WHAT THE EXERCISE ASKS:
Give the data again exactly as written, without any of its pictures.

----------

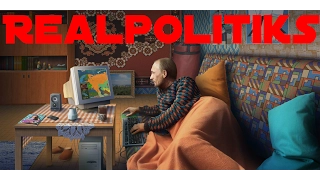 СОВРЕМЕННАЯ ГЛОБАЛЬНАЯ СТРАТЕГИЯ?! Realpolitiks: Россия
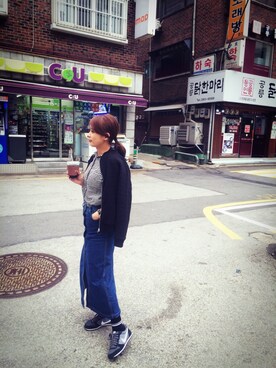 RINA•RINAさんのコーディネート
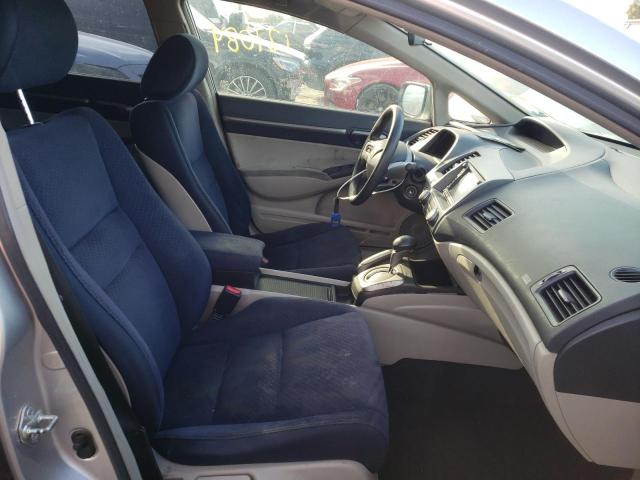 Photo 5 from auction – 2008 HONDA CIVIC HYBR with VIN JHMFA362X8S005027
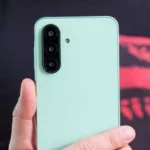 Samsung Galaxy A26 Review Display and Camera In Hand Test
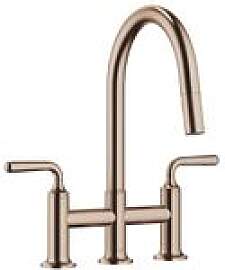 Dornbracht Dreiloch-Küchenarmatur 19870809-42
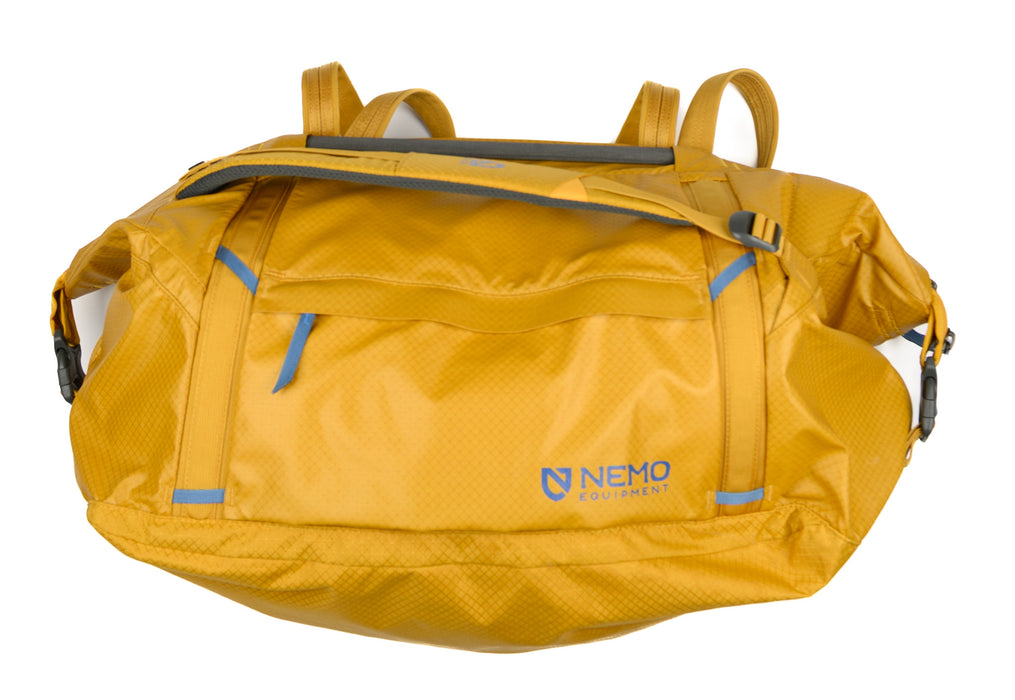 Women's Double Haul Convertible Duffel And Tote Bag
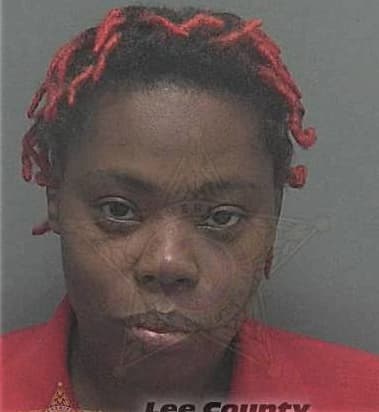 LeVaja Johnson, - Lee County, FL 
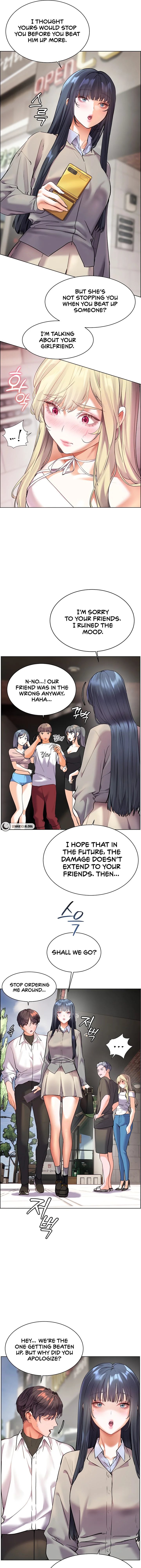 Teacher’s Efforts Chapter 25 Page 17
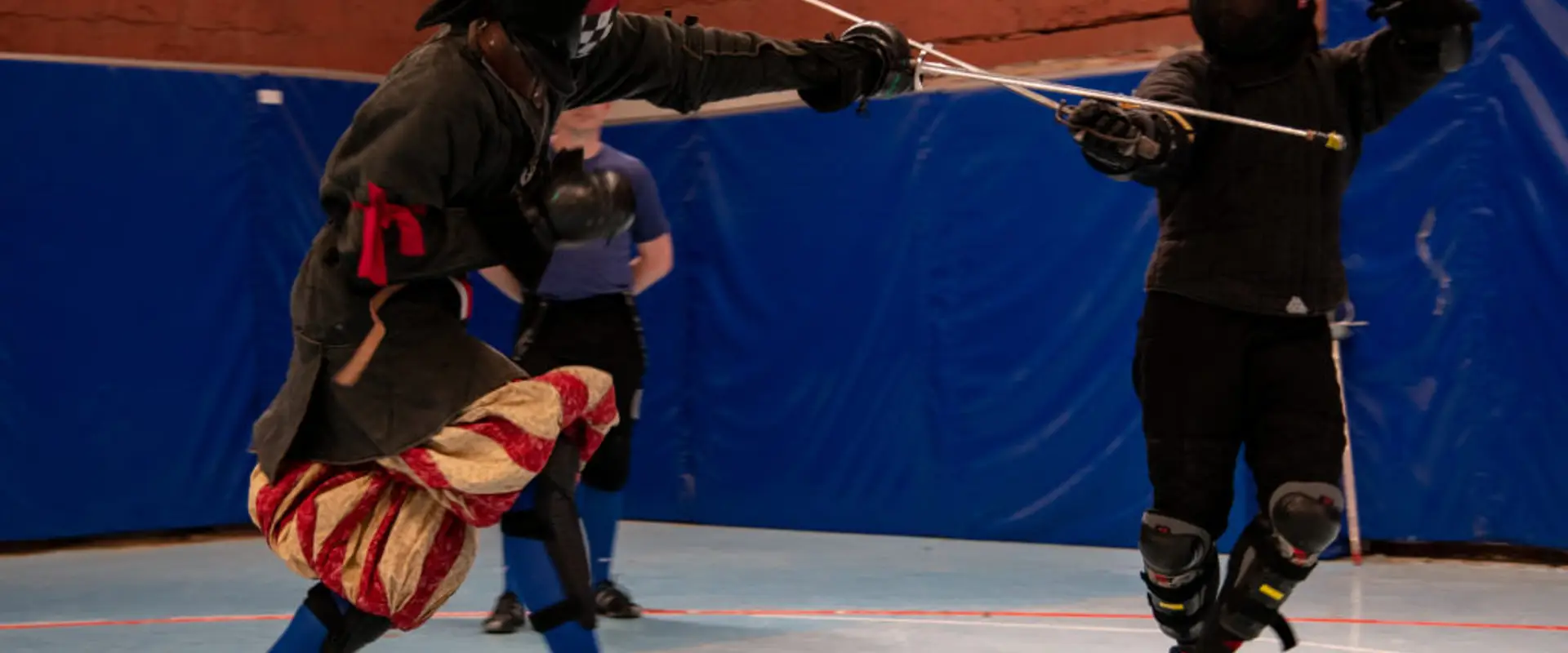 The School of Historical Fencing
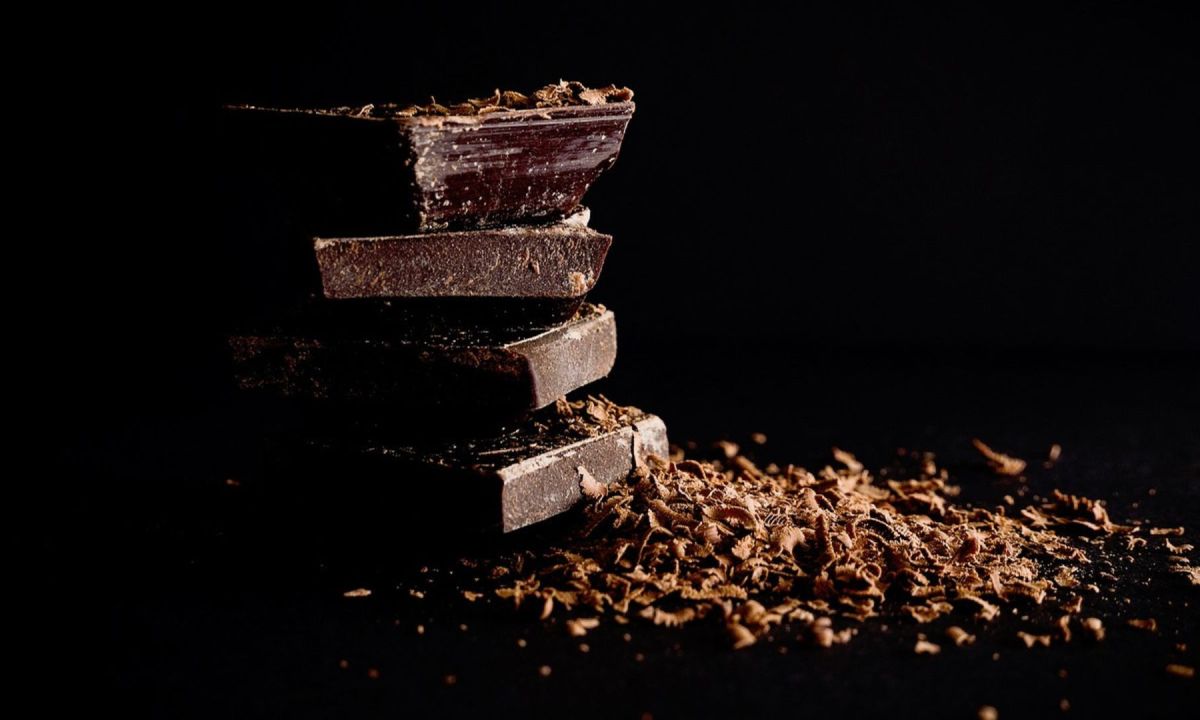 Chocolat noir // Source : Pixabay/StockSnap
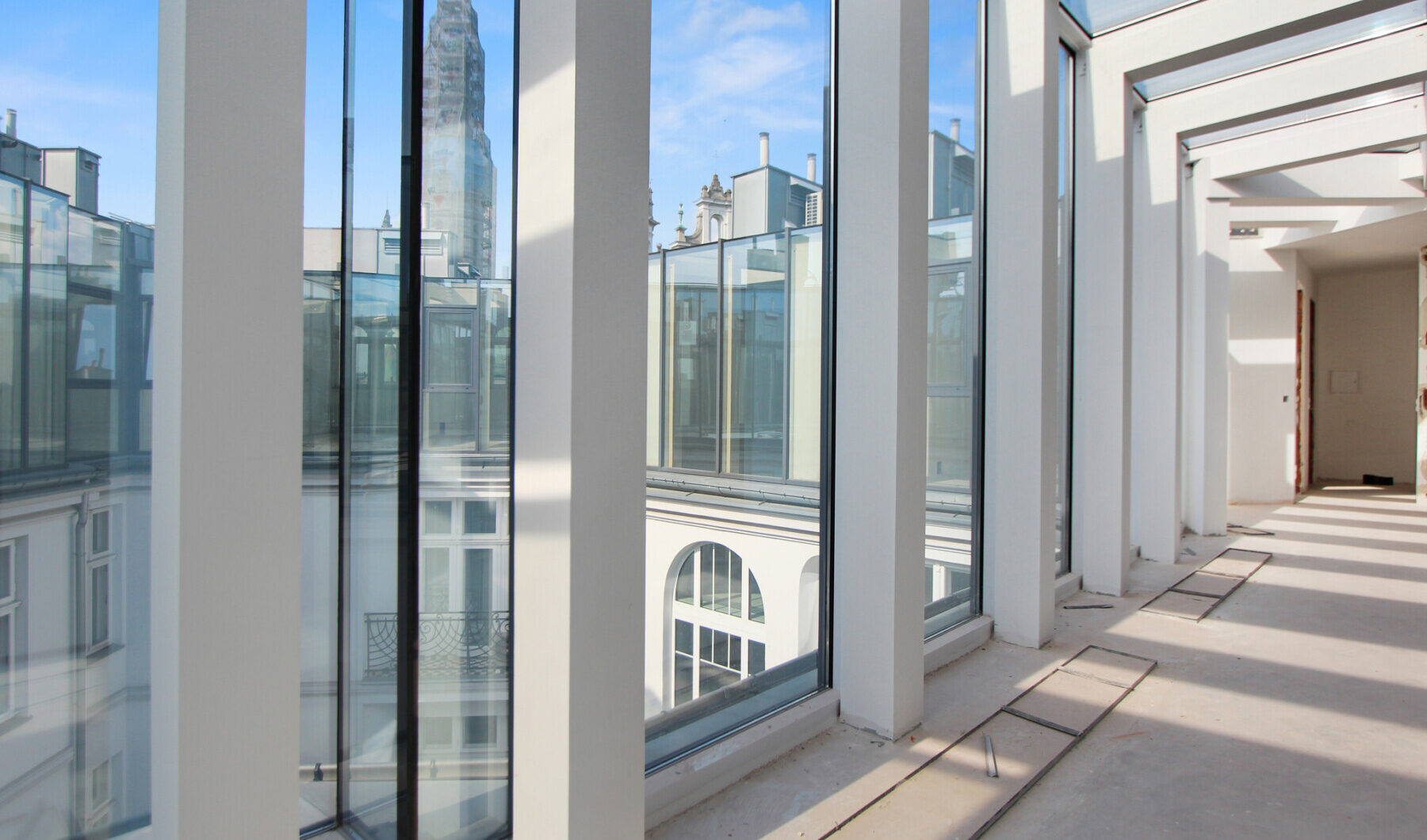 Mieszkanie na sprzedaż - Warszawa, Śródmieście, ul. Mokotowska, Vilea Property Butique 2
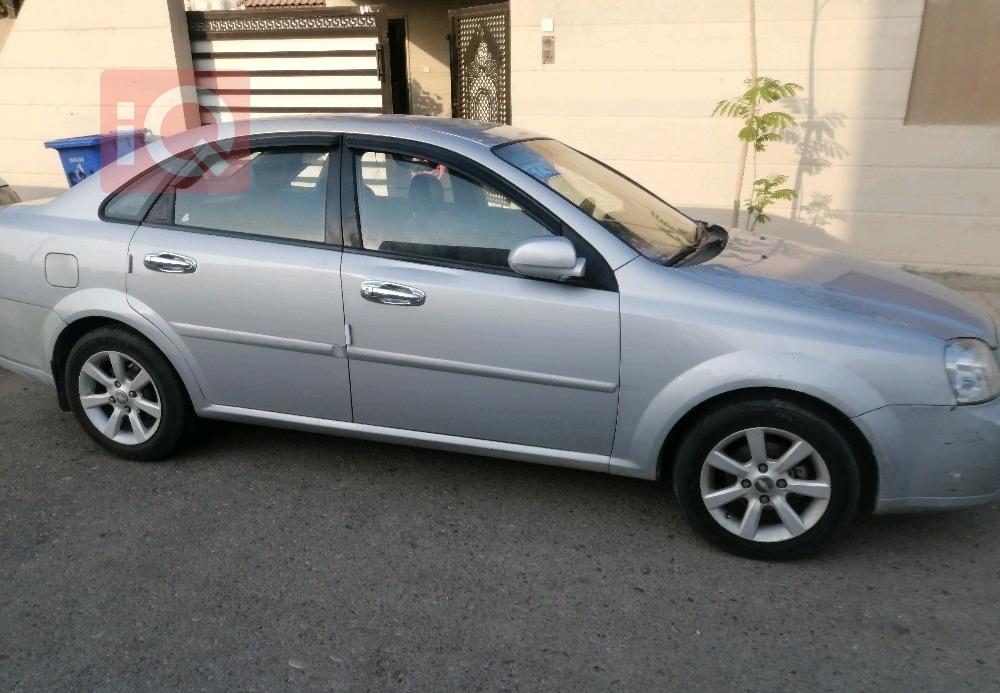 Chevrolet Optra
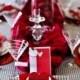 Valnetine's Day "Love Letters" Dinner Party Valentine's Day Party Ideas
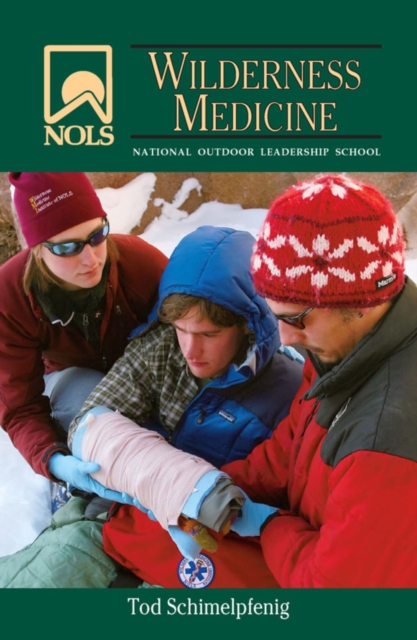 NOLS Wilderness Medicine, EPUB eBook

----------

OUTPUT:
 СОВРЕМЕННАЯ ГЛОБАЛЬНАЯ СТРАТЕГИЯ?! Realpolitiks: Россия
 RINA•RINAさんのコーディネート
 Photo 5 from auction – 2008 HONDA CIVIC HYBR with VIN JHMFA362X8S005027
 Samsung Galaxy A26 Review Display and Camera In Hand Test
 Dornbracht Dreiloch-Küchenarmatur 19870809-42
 Women's Double Haul Convertible Duffel And Tote Bag
 LeVaja Johnson, - Lee County, FL 
 Teacher’s Efforts Chapter 25 Page 17
 The School of Historical Fencing
 Chocolat noir // Source : Pixabay/StockSnap
 Mieszkanie na sprzedaż - Warszawa, Śródmieście, ul. Mokotowska, Vilea Property Butique 2
 Chevrolet Optra
 Valnetine's Day "Love Letters" Dinner Party Valentine's Day Party Ideas
 NOLS Wilderness Medicine, EPUB eBook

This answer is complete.